_About this task_.
Copy out the lines below that hold the word "cover".

(Data extracted from a collection)
:::
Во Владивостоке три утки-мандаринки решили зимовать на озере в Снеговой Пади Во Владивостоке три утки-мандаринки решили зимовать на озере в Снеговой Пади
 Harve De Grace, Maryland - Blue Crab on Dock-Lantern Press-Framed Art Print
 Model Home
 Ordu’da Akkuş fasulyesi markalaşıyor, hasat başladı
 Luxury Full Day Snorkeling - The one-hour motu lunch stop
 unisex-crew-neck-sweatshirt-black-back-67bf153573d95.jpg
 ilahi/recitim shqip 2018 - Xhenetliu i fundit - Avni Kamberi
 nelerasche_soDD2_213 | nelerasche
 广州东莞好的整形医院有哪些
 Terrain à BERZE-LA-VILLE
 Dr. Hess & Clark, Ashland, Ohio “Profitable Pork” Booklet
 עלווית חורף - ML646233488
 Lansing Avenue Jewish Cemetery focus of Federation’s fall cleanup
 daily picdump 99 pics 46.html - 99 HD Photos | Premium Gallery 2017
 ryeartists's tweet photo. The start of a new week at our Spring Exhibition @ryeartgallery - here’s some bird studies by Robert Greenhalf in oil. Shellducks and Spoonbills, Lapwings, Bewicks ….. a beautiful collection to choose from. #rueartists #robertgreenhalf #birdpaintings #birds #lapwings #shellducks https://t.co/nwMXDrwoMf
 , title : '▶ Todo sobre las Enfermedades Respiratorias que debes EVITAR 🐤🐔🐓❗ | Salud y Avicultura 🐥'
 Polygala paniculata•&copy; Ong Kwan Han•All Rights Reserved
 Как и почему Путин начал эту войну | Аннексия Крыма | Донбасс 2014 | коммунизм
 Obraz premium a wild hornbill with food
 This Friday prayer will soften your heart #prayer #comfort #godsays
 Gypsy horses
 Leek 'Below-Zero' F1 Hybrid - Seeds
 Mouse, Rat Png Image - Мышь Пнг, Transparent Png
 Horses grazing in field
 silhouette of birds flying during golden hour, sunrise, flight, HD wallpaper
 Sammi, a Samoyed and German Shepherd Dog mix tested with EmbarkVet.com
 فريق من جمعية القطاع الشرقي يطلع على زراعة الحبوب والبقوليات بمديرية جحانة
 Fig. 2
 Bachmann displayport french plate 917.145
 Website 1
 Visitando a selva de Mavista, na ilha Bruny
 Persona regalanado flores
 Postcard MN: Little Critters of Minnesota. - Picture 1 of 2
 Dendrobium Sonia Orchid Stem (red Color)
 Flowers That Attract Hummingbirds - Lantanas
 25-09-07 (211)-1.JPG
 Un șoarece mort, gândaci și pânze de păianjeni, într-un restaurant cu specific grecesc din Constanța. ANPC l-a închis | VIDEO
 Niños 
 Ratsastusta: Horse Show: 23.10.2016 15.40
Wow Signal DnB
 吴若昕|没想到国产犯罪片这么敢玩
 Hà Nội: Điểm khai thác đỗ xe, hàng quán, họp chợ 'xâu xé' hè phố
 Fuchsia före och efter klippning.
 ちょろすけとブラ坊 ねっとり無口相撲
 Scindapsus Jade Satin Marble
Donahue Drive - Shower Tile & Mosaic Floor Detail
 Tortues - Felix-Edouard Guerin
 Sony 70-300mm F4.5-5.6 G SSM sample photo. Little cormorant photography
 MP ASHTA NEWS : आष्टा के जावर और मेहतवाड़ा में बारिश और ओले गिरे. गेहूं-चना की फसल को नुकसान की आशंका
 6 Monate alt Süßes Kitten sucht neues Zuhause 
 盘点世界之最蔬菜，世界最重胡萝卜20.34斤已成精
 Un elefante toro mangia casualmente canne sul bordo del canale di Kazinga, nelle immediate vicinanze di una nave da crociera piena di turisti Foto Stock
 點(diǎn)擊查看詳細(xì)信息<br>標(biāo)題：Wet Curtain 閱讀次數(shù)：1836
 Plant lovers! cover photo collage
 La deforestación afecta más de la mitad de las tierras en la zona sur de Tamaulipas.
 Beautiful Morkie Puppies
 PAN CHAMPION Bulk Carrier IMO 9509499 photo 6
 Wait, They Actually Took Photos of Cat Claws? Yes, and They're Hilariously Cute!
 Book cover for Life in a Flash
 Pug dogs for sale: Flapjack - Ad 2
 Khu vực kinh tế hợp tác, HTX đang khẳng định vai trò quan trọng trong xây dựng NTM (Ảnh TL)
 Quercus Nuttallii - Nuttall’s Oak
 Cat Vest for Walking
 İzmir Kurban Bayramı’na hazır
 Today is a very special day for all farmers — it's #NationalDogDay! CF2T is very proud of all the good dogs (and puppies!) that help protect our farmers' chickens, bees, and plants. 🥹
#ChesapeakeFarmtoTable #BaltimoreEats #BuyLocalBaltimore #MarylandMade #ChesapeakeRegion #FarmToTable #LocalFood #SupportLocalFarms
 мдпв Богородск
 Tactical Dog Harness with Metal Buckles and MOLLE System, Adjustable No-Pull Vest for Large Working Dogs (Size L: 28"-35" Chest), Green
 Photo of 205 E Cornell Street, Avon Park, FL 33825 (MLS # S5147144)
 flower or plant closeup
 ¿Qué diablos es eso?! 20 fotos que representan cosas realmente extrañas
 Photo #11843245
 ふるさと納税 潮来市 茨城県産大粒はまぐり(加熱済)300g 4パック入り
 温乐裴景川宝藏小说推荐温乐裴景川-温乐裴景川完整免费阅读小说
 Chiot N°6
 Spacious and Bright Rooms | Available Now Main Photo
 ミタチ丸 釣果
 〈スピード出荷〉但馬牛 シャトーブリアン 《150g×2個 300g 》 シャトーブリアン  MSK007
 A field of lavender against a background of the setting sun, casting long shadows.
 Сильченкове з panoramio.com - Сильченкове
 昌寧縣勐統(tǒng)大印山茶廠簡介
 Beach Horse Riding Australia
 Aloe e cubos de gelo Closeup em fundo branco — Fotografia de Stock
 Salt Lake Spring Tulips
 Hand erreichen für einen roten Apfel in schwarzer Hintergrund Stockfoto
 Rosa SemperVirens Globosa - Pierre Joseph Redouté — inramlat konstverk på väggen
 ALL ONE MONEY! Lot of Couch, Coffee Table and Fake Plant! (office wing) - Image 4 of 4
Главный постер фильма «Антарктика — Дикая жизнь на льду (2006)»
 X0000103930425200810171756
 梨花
:::
_The completed task_.
 Plant lovers! cover photo collage
 Book cover for Life in a Flash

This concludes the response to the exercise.